The floods, arising from excessive rains and from the cyclones Eline and Gloria during the 1999/2000 season inflicted some of the countries in the Southern African Development Community (SADC) region destroying the agricultural base of farming communities, including crop losses. This disaster is leaving the affected communities with almost no hope of any harvest and eroding the traditional local seed supply system. This situation has led to responses from International Aid Agencies in many ways including emergency food supplies.

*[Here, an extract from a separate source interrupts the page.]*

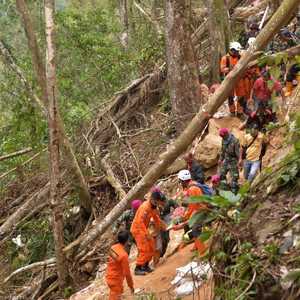 يشارك أكثر من 200 شخص من مختلف الوكالات في عملية الإنقاذ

Crucial after the floods in Southern Africa is to rebuilt the agriculture in order to restore food security in the affected regions. Thus, the aid activities are expected to go beyond emergency operations to those aimed at addressing the restoration of livelihood systems, in particular agriculture. The most obvious intervention for agricultural restoration is the supply of appropriate and locally adapted quality seed and planting material to enable farmers plant in the next cropping season.
In view of the above, the SADC Plant Genetic Resources Centre (SPGRC) in Zambia and Community Technology Development Trust (CTDT), a local NGO based in Zimbabwe together with the Germany based Stiftung Umverteilen (Foundation Redistribution), in March 2000 launched an initiative, calling for a short, medium, and long term approach in order to restore a sustainable agriculture.
As part of this "Seed Initiative" an open letter was issued and mailed out widely in order to draw the attention of regional and international bodies in disaster relief and developmental assistance to the impact of the importation of inappropriate seeds and to co-ordinated efforts imperative to reconstitute the various agricultural systems (see open letter at: http://www.snafu.de/~usp/seed-ini.htm). Moreover, as a first response to the disaster, an immediate review study on local seed stocks in the region was initiated with the aim of making this information available for i.e. organisations in the relief sector.
This survey was meant to help avoid the introduction of inappropriate crop varieties, including genetically modified varieties, which may be a threat to local production systems, biodiversity and ecology.
It is hoped that the information herewith provided on seed stock availability will be utilised by the Aid Agencies that are involved in the procurement and supply of seeds to the affected areas.
We are most grateful to all people who have contributed information and helped to compile the data for this report.
The information in this study can be used freely as long as it is for non-profit purposes.
As for any quotation please refer to this paper and its initiators.